How to design a business structure

A business structure refers to the legal relationship between its owners. These include corporations (C), partnerships (P) and sole proprietorships (S). They differ in terms of liability protection, tax benefits and ownership rights. Let’s see below how to design a business structure.

Corporate Structure

In this type of corporate structure, the company is owned by a parent corporation (often referred to as a holding or owning company) that provides administrative services for it. In return, it receives up to 49% of the shares from the subsidiary. The parent can also be an active partner, which means that there are mutual investments in the business. There are many advantages to forming a corporate structure compared with other types of structures.

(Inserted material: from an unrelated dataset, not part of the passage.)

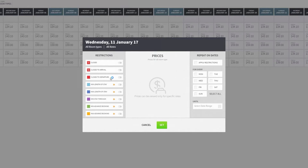A good example for Close to Departure: if you want guests staying over the entire weekend, you can put a Close to Departure on Saturday to ensure all reservations stay the whole weekend. Minimum Length of Stay means if you're arriving on this particular date, you have to stay a particular number of nights to qualify for this room type. Max Length of Stay is the opposite — you're not allowing people to stay more than a set number of days. For example, if you set a max of five days, any reservation longer than five nights will not be allowed.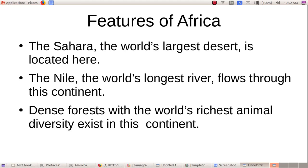The Nile, the world's longest river, flows through the continent of Africa.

One advantage is that you will have limited responsibility and liability for the actions undertaken by your business. Another advantage is that your employees will receive an employee retirement plan and health insurance.

Partnership Structure

A partnership has two partners: the general partner and the limited partner. Most people think of a partnership when they hear about real estate investing, but it’s just another form of business entity. Partners are jointly and severally liable for all debts unless you take out personal bankruptcy protection.

Sole Proprietorship Structure

A sole proprietorship is usually the simplest type of business organization. It requires no incorporation papers and no federal income taxes because a person owns it alone and does not employ others. Sole proprietors do file IRS Form 1040 at the end of each year; however, they pay both alternative minimum tax and self-employment tax on top of their ordinary income taxes. Also, if they want to keep more of their earnings over 18 years old, then they must take the required minimum distributions.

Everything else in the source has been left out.